Uy, cómo así, eso no lo sabía. Aunque aguardo la esperanza de que en algún momento salgan los DVD´s como ya se hizo con Escalona.
Azúcar es una maravilla dirigida por Mayolo y creo que co-diseñada con Sandro Romero, donde el protagonista era negro, en un país racista como Colombia marcó un precedente.
La verdad es que se me quedan muchos títulos que se que se recuerda con mucho aprecio y al que el televidente común y corriente no le queda de otra que decir que son telenovelas, aunque sean bien distintas a los paradigmas del género.

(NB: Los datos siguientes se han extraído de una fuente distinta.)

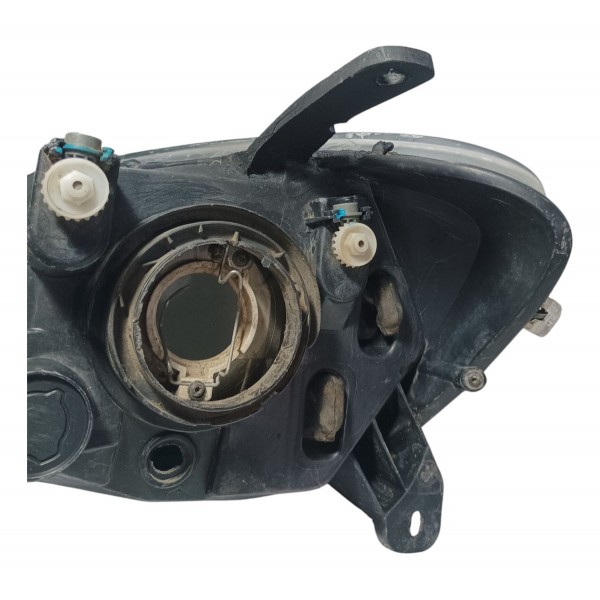 Farol Lado Direito Gm Celta Prisma 2011 Recuperado Direito/passageiro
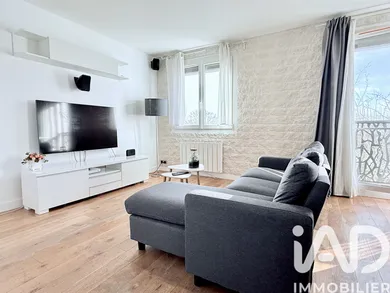 Apartment in Neuilly-Plaisance (93360)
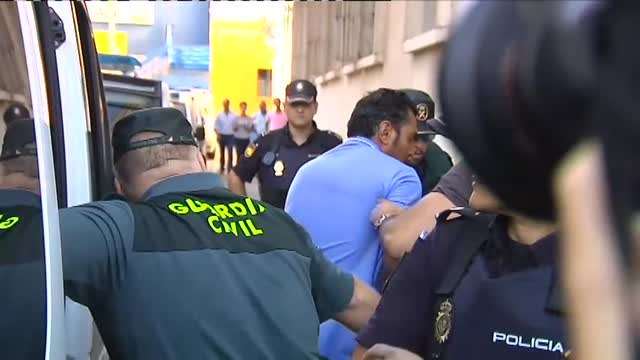 Comparecen ante el juez los dos vendedores ambulantes que apuñalaron a un policía en Punta Umbría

Y creo que es cierto, hay muchos escritores, académicos, artistas, etc., que tienen un placer culposo con algunas telenovelas, a todos ellos los invito a salir del closet, jajajaja :P

Anónimo dijo...

La factoría Televisa es la peor, mocha, mocha. Cuánto daño hizo y hace Televisa a la cultura no sólo mexicana, como bien apunta el artículo, sino a la cultura latinoamericana en general. Sin importar que sea un monstruo mediático. El negocio de las drogas o las armas también son negocios monstruosos a nivel del volumen de dinero que manejan y del daño que hacen.